Looking from the outside of a christian world, it seems a little bit funny that none of this loving and supporting among christians has happen much earlier in history ?!

One could argue, that loving your neighbor would include christians as well.
But it did not in time past, and so it did not among the Muslims and many other religious manifestations. So we wonder what the Non-Christian world and atheists should think about religion in general, having had no example to follow some unity. Bang ?!

I would like to here from the next speaker an apology about this.
Uniting in faith now is wonderful, but having some clue to how to approach our brethren among the non-believers would be uplifting.

We are (all christians alike) too bussy to defend faith, instead of understanding others that have real complaints for a far failed religion in past history.
Explaining is needed, not building more walls.

Be asured there are many that will change mind, if they can get some logic in this universal mess of religion. We owe this to people, but little is done to help them.
But may be I am lost here, who would know better ?

george of the jungle
goshen, UT

Truth is Relativity, It's the books you read and the people your with. Prayer keeps us in touch with with people in our hearts. All the laws can't change what is in your heart. The truth shalt set you free when you open your heart and listen.

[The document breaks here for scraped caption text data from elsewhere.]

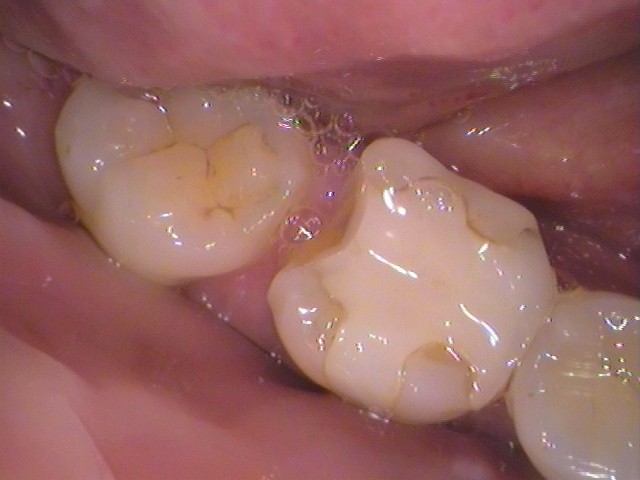 古いハイブリッドインレー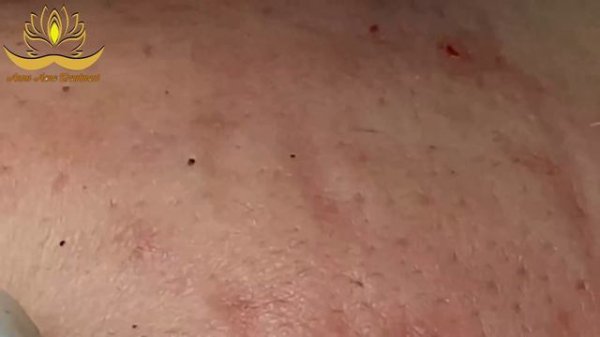 Most Satisfying and Relaxation with An Spa Video #135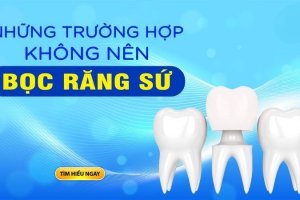 Những Trường Hợp Không Nên Bọc Răng Sứ: Lời Khuyên Từ Chuyên Gia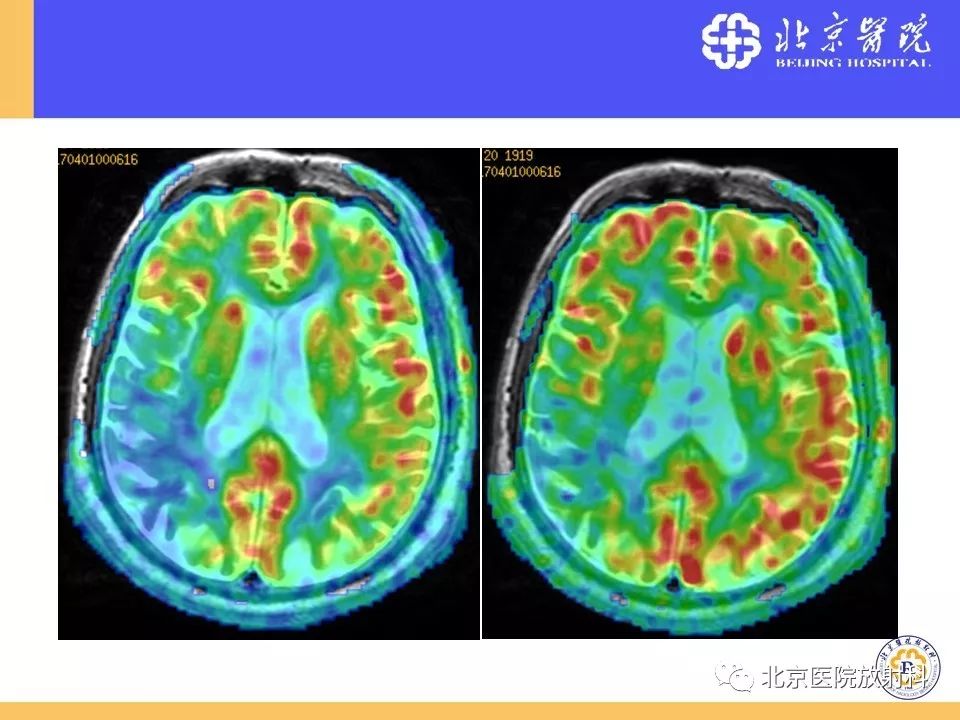 影像PPT - 【PPT】HRMRI在缺血性脑卒中精准病因诊断中的应用-85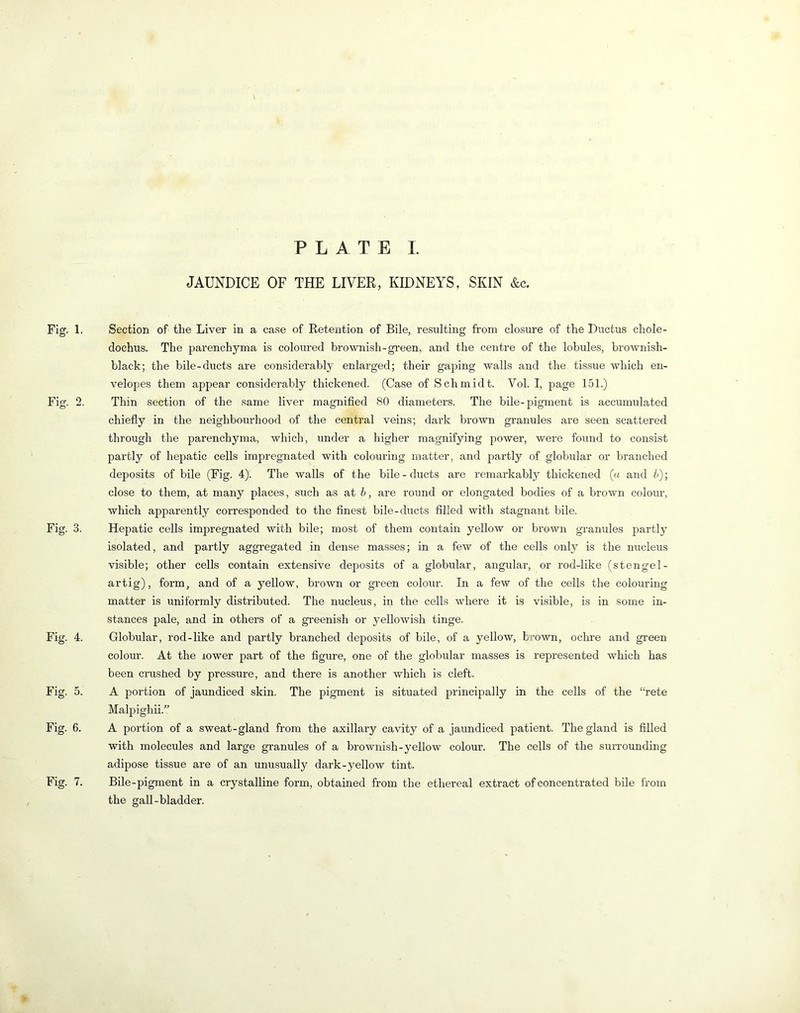 PLATE I. Fig. 1. Fig. 2. Fig. 3. Fig. 4. Fig. 5. Fig. 6. Fig. 7. JAUNDICE OF THE LIVER, KIDNEYS, SKIN &c. Section of the Liver in a case of Retention of Bile, resulting from closure of the Ductus chole- dochus. The parenchyma is coloured brownish-green, and the centre of the lobules, brownish- black; the bile-ducts are considerably enlai’ged; their gaping walls and the tissue which en- velopes them appear considerably thickened. (Case of Schmidt. Vol. I, page 151.) Thin section of the same liver magnified 80 diameters. The bile-pigment is accumulated chiefly in the neighbourhood of the central veins; dark brown granules are seen scattered through the parenchyma, Avhich, under a higher magnifying power, were found to consist partly of hepatic cells impregnated with colouring matter, and partly of globular or branched deposits of bile (Fig. 4). The walls of the bile-ducts are remarkably thickened (a and h); close to them, at many places, such as at b, are round or elongated bodies of a brown colour, which apparently corresponded to the finest bile-ducts filled with stagnant bile. Hepatic cells impregnated with bile; most of them contain yellow or brown granules partly isolated, and partly aggregated in dense masses; in a few of the cells only is the nucleus visible; other cells contain extensive deposits of a globular, angular, or rod-like (stengel- artig), form, and of a yellow, brown or green colour. In a few of the cells the colouring matter is uniformly distributed. The nucleus, in the cells where it is visible, is in some in- stances pale, and in others of a gveenish or yellowi.sh tinge. Globular, rod-like and partly branched deposits of bile, of a yellow, brown, ochre and green colour. At the lower part of the figure, one of the globular masses is represented which has been crushed by pressure, and there is another which is cleft. A portion of jaundiced skin. The pigment is situated principally in the cells of the “rete Malpighii.” A portion of a sweat-gland from the axillary cavity of a jaundiced patient. The gland is fiUed with molecules and large granules of a brownish-yellow colour. The cells of the surrounding adipose tissue are of an unusually dark-yellow tint. Bile-pigment in a crystalline form, obtained from the ethereal extract of concentrated bile from the gall-bladder.
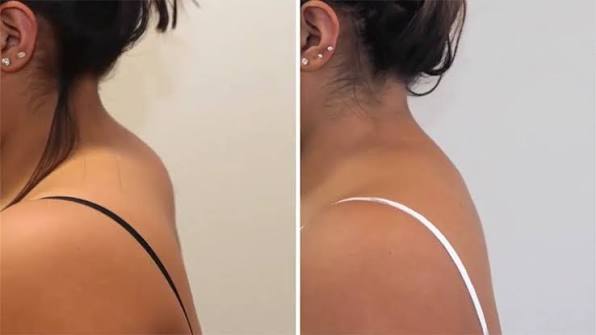 Dica ultra potente de como evitar o calombo no pescoço. Talvez vc já tenha  ouvido falar nela mas não deu a devida atenção. Essa dica aumenta  consideravelmente a chance de evitar o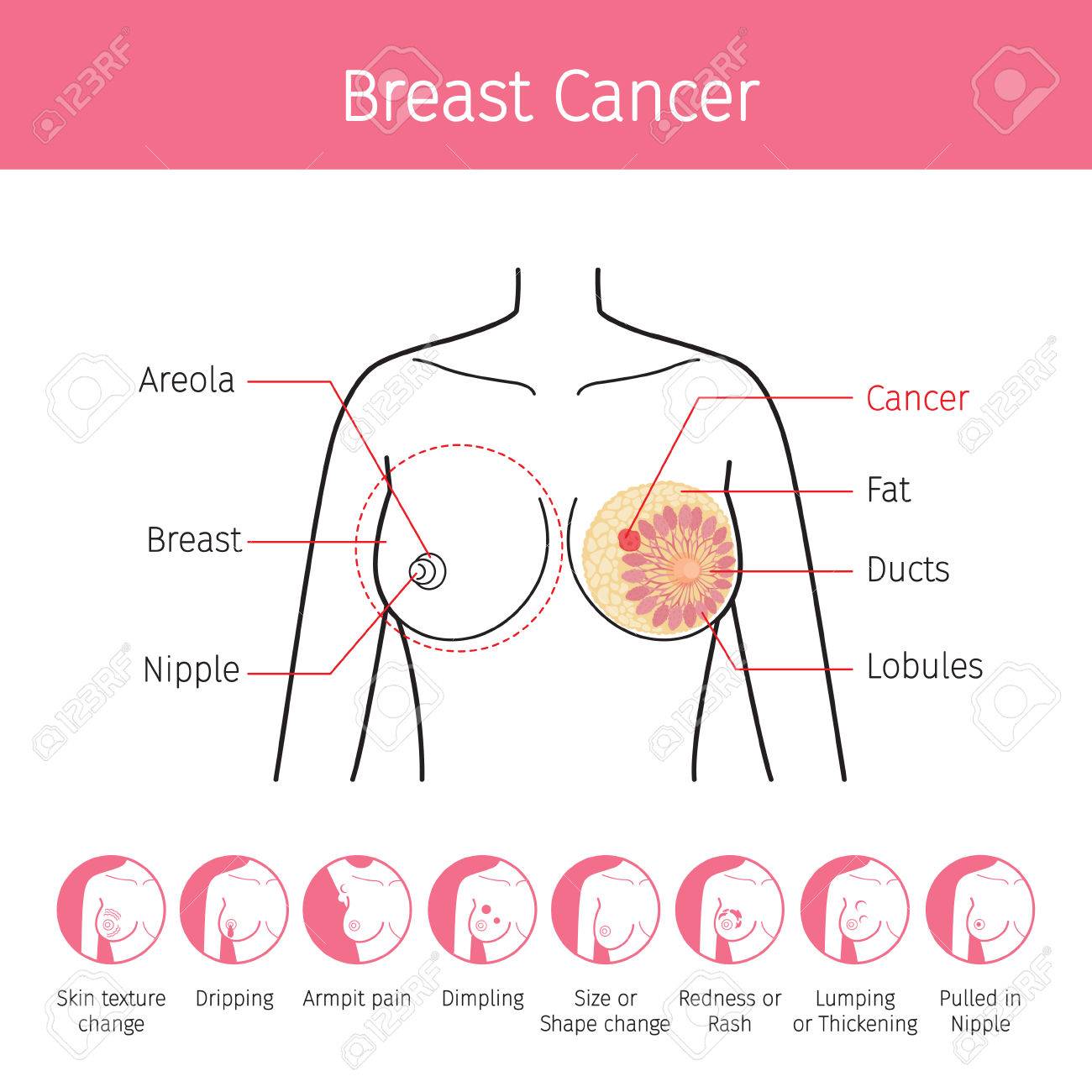 女性の母乳 アウトライン 乳房がん症状アイコン 乳腺のイラスト おっぱい 体 器官 物理ディスク 病気 健康 のイラスト素材 ベクタ Image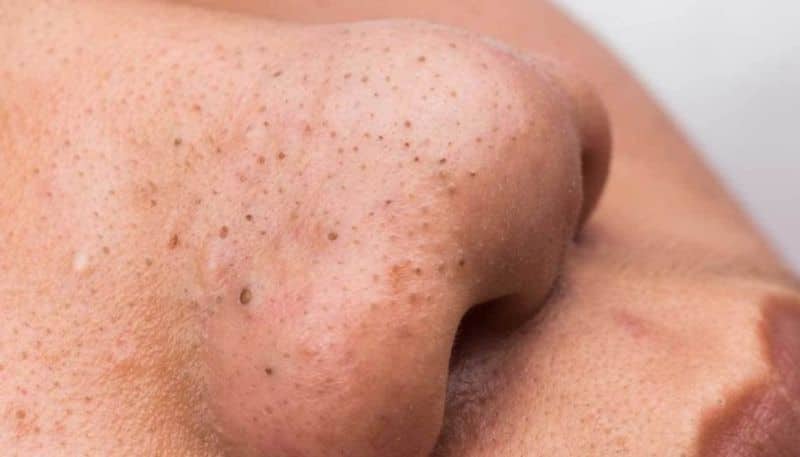 some ways to Get Rid of Blackheads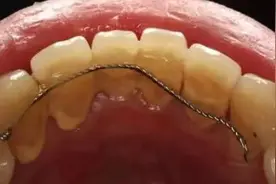 牙齿松动怎么办？有一种方式让它稳稳当当图片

I look forward to a day when we all come to a unity of faith. With events like these maybe we're getting a little closer. At least giving opportunity to speak and to hear one another. We have much more in common of what we do believe than what we don't. I don't understand the differences between each group, but sometimes I think it is a matter of using different words to describe the same thing or that there are a few people who want there to be differences when there don't need to be. It would be neat if they would broadcast some of these events so that more people can hear what is being shared.

Irony Guy
Bountiful, Utah

I frankly don't believe the world has moved away from "the right," despite Mr. Zacharias's views. I see a world where people are freer and more prosperous than ever, where poor nations are emerging from poverty on their own and with our help, where people who used to cower in the shadows have more opportunity than ever. The America of my childhood was a fearful place by comparison to the America of today, where I now see young people of all races and religions happily working together toward the future. In my youth we feared the commies, the bomb, and each other. Not anymore. Even the crime rate is in free fall. Yes, there are simmering problems everywhere, but as MLK says, the arc of justice is swinging the right direction.

Free Agency
Salt Lake City, UT

Zacharias, like many evangelicals, points out the ills of society--which I agree are plentiful.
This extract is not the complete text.